Dark Mode

0 votes

Let r

p | a | b |

1 | 1 | 2 |

2 | 4 | 3 |

3 | 4 | 4 |

s

b | c |

3 | 12 |

5 | 13 |

2 | 15 |

(r⋈s)

p | a | b | c |

1 | 1 | 2 | 15 |

2 | 4 | 3 | 12 |

1. σ_{(a=4)} (r⋈s) =

2 | 4 | 3 | 12 |

2.let p= σ_{(a=4)}(r) =

2 | 4 | 3 |

3 | 4 | 4 |

p⋈s=

2 | 4 | 3 | 12 |

Note:- same scenario in the case of cross product...

when attribute is not common:-

r

1 | 1 | 2 |

2 | 4 | 3 |

s

3 | 12 |

5 | 13 |

σ_{(a=4)} (r⋈s)=2 touple

σ_{(a=4)} (r)⋈s) = 2 touple

0 votes

First thing first, it's a natural join and the answer will be **a**,

**Case I** -- let there is a common column

if R and S have common column, then the table will join based on that and then the tuples with **A = 'a'**, will be selected.

Now, if you select tuples with **A = 'a'**, and then do the natural join then also the result will be the same. You just are applying the conditions in opposite order.

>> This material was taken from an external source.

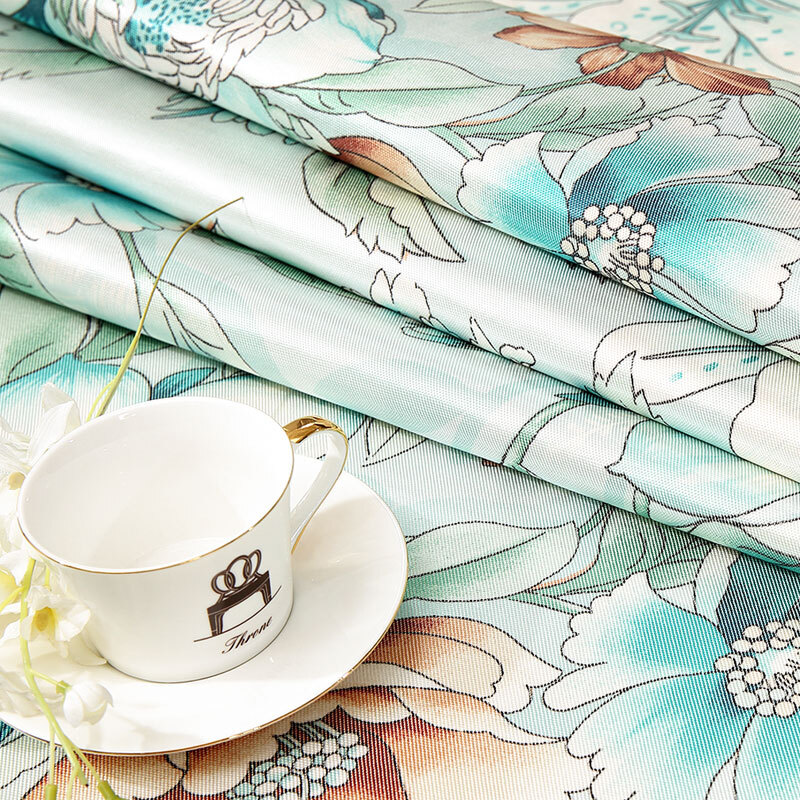 富安娜冰丝印花席薄荷1.2米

let they have **test** as common attribute, then the above relational algebra can be written as,

σ_{(A=a) and (r.test = s.test) }(rxs), **joins** are just used to minimize the comparisons, while combining tuples.

**Case II** -- let there be no common column

Natural join will perform the Cartesian product, in case of no common column and then apply the condition **A = 'a'**, which is equivalent to selecting the tuples with condition **A = 'a' **and then apply the Cartesian product.

Coz in both cases in the end the tuples gets selected are with condition **A = 'a'**.